China will EU als "größten Partner"

China wünscht sich die EU als wichtigsten Partner. Zum Abschluss des EU-China-Gipfels stellte Wen Jiabao eine Verdoppelung des Handelsvolumens bis 2010 in Aussicht.

Wen Jiabao begrüßte die europäische Integration. Ein politisch starkes Europa könne ein wichtiger Stützpfeiler in der Welt werden. „Wir hoffen, dass Europa unser größter Partner in der Zusammenarbeit und dem Handel wird.“

EU-Kommissionspräsident Romano Prodi stellte ein baldiges Ende des Waffenembargos sowie die vorteilhafte Einstufung Chinas als Marktwirtschaft „innerhalb eines kurzen Zeitrahmens“ in Aussicht.
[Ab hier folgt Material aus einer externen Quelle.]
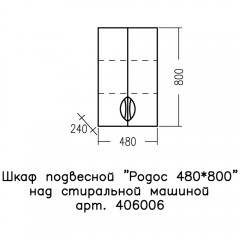 Шкаф подвесной СаНта Родос 48x80 406006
Nachdem Diplomaten vor dem Gipfel wegen des Widerstands einiger EU- Mitglieder keine Bewegung in der Frage einer Beendigung des seit der blutigen Niederschlagung der Demokratiebewegung 1989 bestehenden Waffenembargos gesehen hatten, sagte Prodi: „Wir wollen in diese Richtung arbeiten.“ Er verwies auch auf die „politischen Schwierigkeiten“, fügte aber hinzu: „In nicht allzu ferner Zukunft könnten wir eine Übereinstimmung finden.“

Beide Seiten unterzeichneten drei Abkommen, darunter die 200 Millionen Euro hohe Beteiligung Chinas als Partner an dem europäischen Navigationssystem Galileo, das, wie Berlusconi ausdrücklich hinzufügte, „zivilen Zwecken dient“. Auch wurde ein Dialog über Industriepolitik vereinbart. Zusätzlich gab es ein Abkommen über Visaerleichterungen für chinesische Gruppenreisen in alle EU-Staaten, wie es sie für Deutschland bereits gibt. Mit der Vereinfachung wird ein weiterer Zustrom der immer wohlhabenderen chinesischen Touristen nach Europa erwartet.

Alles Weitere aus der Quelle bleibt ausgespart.